Deniz konuyla ilgili şunları anlattı:

“Mezar taşı için, ‘mevtaya dair bilgilerle şairin gönül dünyasından süzülen şiirin hattat tarafından meşk edilip nakkaş tarafından etrafının çiçeklerle bezendiği ve hakkak marifetiyle çelik kalemle şekillendirilen bir sanat yapıtıdır’ diyebiliriz. Osmanlı döneminde mezar taşları şu şekilde hazırlanıyordu. Öncelikle taşa kazınacak metin hazırlanır, hangi yazı türünün kullanılacağına karar verilir. Mezar taşı ebadında siyah boyalı bir kağıt hazırlanır. Zırnık (sarı renkte tabii boya) adı verilen kalın kamış veya özel hazırlanmış tahta kalemle kalıp bir yazı yazılır. Bu kalıbın altına aynı büyüklükte beyaz bir kağıt konur ve daha önce yazılan yazının harflerinin etrafı sık bir şekilde iğne ile delik delik delinir.
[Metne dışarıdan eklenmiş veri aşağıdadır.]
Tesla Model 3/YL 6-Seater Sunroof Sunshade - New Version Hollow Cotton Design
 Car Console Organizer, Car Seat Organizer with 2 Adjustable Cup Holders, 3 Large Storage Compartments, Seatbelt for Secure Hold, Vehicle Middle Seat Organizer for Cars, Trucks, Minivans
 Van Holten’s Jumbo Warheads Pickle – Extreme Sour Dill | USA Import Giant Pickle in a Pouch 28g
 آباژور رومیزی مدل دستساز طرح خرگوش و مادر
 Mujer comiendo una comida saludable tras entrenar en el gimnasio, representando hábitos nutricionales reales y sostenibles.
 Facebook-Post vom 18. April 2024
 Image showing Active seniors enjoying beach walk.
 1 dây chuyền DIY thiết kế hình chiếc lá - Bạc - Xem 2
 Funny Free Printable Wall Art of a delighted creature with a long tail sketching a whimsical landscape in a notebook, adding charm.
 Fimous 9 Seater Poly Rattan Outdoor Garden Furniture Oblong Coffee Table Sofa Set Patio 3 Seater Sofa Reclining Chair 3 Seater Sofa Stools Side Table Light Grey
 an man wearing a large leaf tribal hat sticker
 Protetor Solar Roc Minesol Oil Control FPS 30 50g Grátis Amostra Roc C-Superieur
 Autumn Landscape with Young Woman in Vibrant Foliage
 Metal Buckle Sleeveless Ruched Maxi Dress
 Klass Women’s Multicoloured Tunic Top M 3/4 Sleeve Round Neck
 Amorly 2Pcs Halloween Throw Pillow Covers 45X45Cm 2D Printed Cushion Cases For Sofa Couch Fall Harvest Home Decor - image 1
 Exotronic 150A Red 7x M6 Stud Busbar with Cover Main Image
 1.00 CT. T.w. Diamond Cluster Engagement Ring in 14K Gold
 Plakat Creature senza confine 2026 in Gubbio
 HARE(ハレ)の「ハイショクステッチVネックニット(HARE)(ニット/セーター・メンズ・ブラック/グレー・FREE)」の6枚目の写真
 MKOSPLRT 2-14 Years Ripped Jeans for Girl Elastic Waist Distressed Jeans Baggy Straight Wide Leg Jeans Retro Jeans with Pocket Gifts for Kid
Bu şekilde alttaki kağıda ince ve sık noktalar halinde yazılar geçirilir. Sonra bu alt kalıp taş üstüne sabitlenir ve üzerinde kömür tozu gezdirilir. Taş üzerinde siyah noktalar halinde belirir. Yazı işi bittikten sonra bu defa nakkaş devreye girer. Ölen kişinin sağlığında başına taktığı fes, sarık, kavuk her ne var ise o çizilir, kadınlarda ise çiçeklerle süslenir. Bundan sonra artık iş taş ustasına kalmıştır. Mermer ustası ise elindeki çekiç ve elmas uçlu çelik çubuk ile mezar taşını oyma tekniği ile oyardı.

Mezar taşlarında sülüs, talik, celi sülüs, celi talik gibi çok çeşitli yazı çeşitleri kullanılırdı. Mezar taşında; başlık, ser-levha, dua, kimliğin tanımlanması, dua isteme ve tarih gibi bölümler bulunurdu. Mezar taşlarında kullanılan başlıklar o kişinin dünyadaki mesleği ve sosyal statüsü hakkında fikir yürütmemize yarar. Tarikat mensuplarının başlıklarında taçlar, memurlarınkinde fesler, daha çok ilmiye mensuplarında ise kavuklar üzerine sarılmış sarıklar bulunur. Kadın mezar taşlarında serpuştan ziyade çiçek, bitki, meyve ve güneş gibi doğa motifli süsler bulunmaktaydı. Mezar taşlarından ayrıca kişinin mesleki bilgileriyle ilgili ayrıntılı bilgiler öğrenilebilir, kişinin ölümü karşısında yaşanan acı ve ıstırabın yansıtıldığı şiirlere sıkça

Rastlanabilirdi. Yine kişinin ölüm anındaki yaşı, tam ölüm tarihi hatta saati ve saniyesine kadar yazıldığı olurdu. Hangi hastalıktan öldüğü, mesela kalp krizi, çiçek hastalığı veba vb.

 ‘Ziyaretten murad bir duadır/Bugün bana ise yarın sanadır’ gibi mezar taşı şiirlerine Devlet-i Aliyye’nin hakim olduğu her yerde rastlanabilir.

Özellikle 19. Yüzyıl mezar taşlarında ölüm karşısındaki teslimiyet yerini daha çok acı ve ıstıraba bırakmıştır. Ölüm karşısında sükut etmekten daha çok giderek zor kabul edilebilen bir şeye dönüşmeye başlamıştır.”

Türk Ocağı başkanı Prof. Dr. Nedim Ünal sohbet sonrası  hediyeleri takdim edildikten sohbet sona erdi.